Is this a post from The Onion?
LA has the largest annual numeric population growth of any metro in the U.S. This has basically been true non-stop for the past century.
How can the metro that is always #1 in growth "in decline"?
LA will continue its decline due to drought, low wages, high COL, sinking economy, and Chicago will overtake it as the 2nd city, I also see a day not too far in to the future when Bay Area becomes the premier city of California.
Ha Ha Ha. Chicago will never overtake LA with population, GDP, influence, etc. It's too late. That ship sailed in the 60s and is not returning. Also, LA is not declining. If anything its on the cusp of a boom with the downtown and Hollywood experiencing much new construction, plans moving forward for a 1B+ NFL stadium, LAX renovations, major museum additions/remakes, many inner neighborhoods gentrifying. Plus LA is number one or two in the US right now for construction of new Metro lines which will help with traffic. Its the largest center of mfg in the US and has one of the largest ports in the world. Many residents have pride in their city and want to see it as one of the best in the world. This attitude was much less prevelant 20 to 30 years when there were many naysayers and some were trying to break the city up. Thank our lucky stars that many of these people have left. Also, the Bay Area will never replace LA as the premier city in California. I live in the Bay Area and while it is in a tech boom it just doesn't have the numbers, room or desire to replace LA as California's largest most influential city.

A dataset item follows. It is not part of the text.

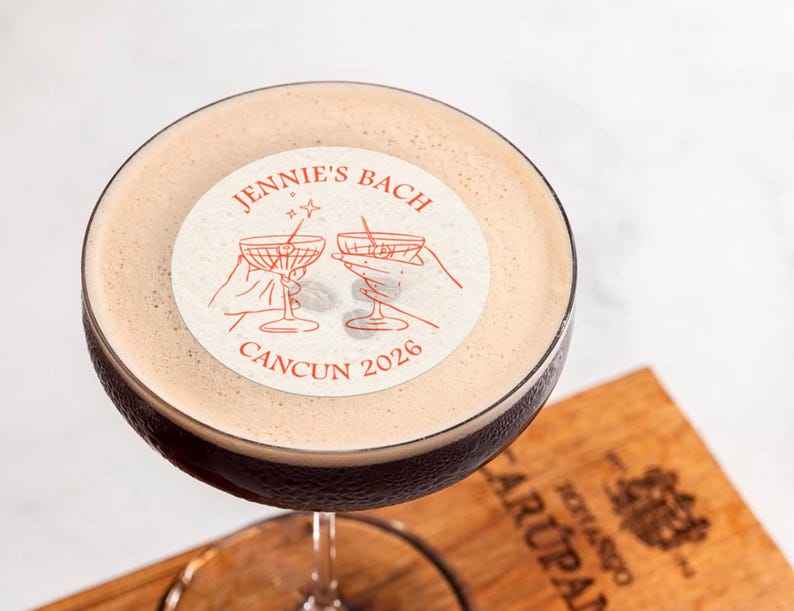 May include: A close-up of a cocktail with a white sticker on top. The sticker has a red design with two hands holding martini glasses and the text "JENNIE'S BACH CANCUN 2026".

If I were Chicago I wouldn't be concerning myself with overtaking LA as much as I would be concerned about being relegated to No. 4 in the country in terms of population and GDP in the next 20 to 30 years, as one or both of the Texas' largest metro areas and/or cities overtake Chicago. What's the population spread now between Houston and Chicago 500K? And Houston continues to boom and grow. Watch out!!
I just returned from visiting my family in LA, the place is a train wreck, dirty, expensive, traffic, homeless epidemic, monogamous culture of Mexicans etc. With the demographics becoming more and more Hispanic than what it already is I just don't see a bright future for the city.
I just returned from visiting my family in LA, the place is a train wreck, dirty, expensive, traffic, homeless epidemic, monogamous culture of Mexicans etc. With the demographics becoming more and more Hispanic than what it already is I just don't see a bright future for the city.
You are wrong about everything you wrote. Chicago has all the same problems LA has with even more crime. Not that I care I would never live in either city but you could have been more wrong if you tried.
What will hurt LA the most is the lack of public transit as the world switches from cars to public transit. LA is trying, but it's almost too little too late. Add the lack of water. Add the high cost of living combined with low and stagnant wages. If LA can figure out its housing crisis, build subways faster, get higher paying jobs, and fix the water system, it could be bigger than NYC one day. At this rate, I think the city's approaching its peak and will plateau. I doubt it will ever shrink like the Rust Belt cities, but I believe it will plateau one day.
Ha Ha Ha. Chicago will never overtake LA with population, GDP, influence, etc. It's too late. That ship sailed in the 60s and is not returning. Also, LA is not declining. If anything its on the cusp of a boom with the downtown and Hollywood experiencing much new construction, plans moving forward for a 1B+ NFL stadium, LAX renovations, major museum additions/remakes, many inner neighborhoods gentrifying. Plus LA is number one or two in the US right now for construction of new Metro lines which will help with traffic. Its the largest center of mfg in the US and has one of the largest ports in the world. Many residents have pride in their city and want to see it as one of the best in the world. This attitude was much less prevelant 20 to 30 years when there were many naysayers and some were trying to break the city up. Thank our lucky stars that many of these people have left. Also, the Bay Area will never replace LA as the premier city in California. I live in the Bay Area and while it is in a tech boom it just doesn't have the numbers, room or desire to replace LA as California's largest most influential city.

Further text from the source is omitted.